The purpose of this writing is to relate my evolving belief system in a few of many topics relating to personal belief. Obviously I have been influenced by pastors, teachers and persons I have read or listened to through other media. Among these resources of teaching are by the late Rabbi Aryeh Kaplan and the late Vendyl Jones of Texas. Rabbi Kaplan’s writings cause one to consider deeply his or her thinking on many levels. Vendyl Jones presents concepts which challenge one to evaluate for him or herself before adopting as one’s own. I do not subscribe to all of Mr. Jones’ beliefs. The tenet suggested by my words is for everyone to listen or read, and then, with the help of God, to determine the truth of the concept. It is my hope that you will not glibly accept every notion that is presented through preaching or teaching by any media, including my own.
It is very easy to be lulled into accepting certain concepts without personally evaluating each. One such issue is the observance of Christmas on December 25. Scholarship has long determined this is not the likely day for the birth of the Christ child. Does it make any difference whether we celebrate on this day or another? Nevertheless, no movement has been launched to change it. Another concept is that of angels. We probably agree that angels are God’s special messengers from heaven to persons on earth. We make angels to be men, women and children in pageants and plays. But can you find a reference in the Bible to an angel that is a woman or child?

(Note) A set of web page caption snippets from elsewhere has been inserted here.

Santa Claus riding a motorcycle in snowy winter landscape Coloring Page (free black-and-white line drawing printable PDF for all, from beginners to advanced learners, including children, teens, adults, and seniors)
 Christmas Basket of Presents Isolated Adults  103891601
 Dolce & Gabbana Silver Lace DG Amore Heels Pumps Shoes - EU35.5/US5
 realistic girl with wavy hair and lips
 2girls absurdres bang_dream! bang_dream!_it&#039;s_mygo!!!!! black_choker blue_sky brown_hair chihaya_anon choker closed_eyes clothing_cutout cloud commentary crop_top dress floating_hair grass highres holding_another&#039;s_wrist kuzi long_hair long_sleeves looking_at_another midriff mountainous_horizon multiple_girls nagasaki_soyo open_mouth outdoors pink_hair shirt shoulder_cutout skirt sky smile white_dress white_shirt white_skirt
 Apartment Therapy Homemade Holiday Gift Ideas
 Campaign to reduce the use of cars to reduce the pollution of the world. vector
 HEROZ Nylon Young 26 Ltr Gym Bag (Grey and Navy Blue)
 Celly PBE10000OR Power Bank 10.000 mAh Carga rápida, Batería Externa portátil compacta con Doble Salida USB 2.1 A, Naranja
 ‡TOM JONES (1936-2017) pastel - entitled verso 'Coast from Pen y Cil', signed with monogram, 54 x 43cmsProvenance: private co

Do you also know that the person we call Jesus was never called Jesus in his life on earth? His name is Yeshua ben Joseph. This is the same name as Joshua, the successor of Moses. Again, does it make any difference which name we use? It just seems to me that if his name is Yeshua, why not call him Yeshua?
As a part of the introduction of my thesis, I would like to address the individuals who are skeptics or even atheists who doubt the existence of a Creator. The Bible records in Hebrews 11:6, “But without faith it is impossible to please him: for he that cometh to God must believe that he is, and that he is a rewarder of them that diligently seek him.” (KJV) Does this mean that we are not to use our intelligence to consider the existence of God? Consider the following allegory inspired by something I read in Jewish literature. Suppose I told you, if you are a skeptic, that I got up one morning and on my typewriter, written entirely by itself, was the following poem:
Whose woods these are I think I know.
His house is in the village though;
He will not see me stopping here
To watch his woods fill up with snow.
My little horse must think it queer
To stop without a farmhouse near
Between the woods and frozen lake
The darkest evening of the year.
He gives his harness bells a shake
To ask if there is some mistake.
The only other sound’s the sweep
Of easy wind and downy flake.
The woods are lovely, dark and deep.
But I have promises to keep,
And miles to go before I sleep,
And miles to go before I sleep.
And you say to me, “Do you take me for a fool? Not only does such a poem have to have an author, I know who the author is. The author is Robert Frost and the name of the poem is Stopping By Woods On A Snowy Evening.” And I say to you, “Do you take me for a fool? As you look at the sun, moon and stars, as you look at the creatures of the world, as you look at the ability of the human body to heal itself, as you look at the human eye with its ability to distinguish vivid colors, you don’t know that there had to be an author and creator of such?”
Finally, to complete my introduction, I want to discuss the Holy Bible. Today, most Bibles contain 66 books, 39 books comprising of the “Old Testament” and 27 books comprising the “New Testament.” Do you also know that the 1611 King James Bible also contained the 15 books of the Apocrypha?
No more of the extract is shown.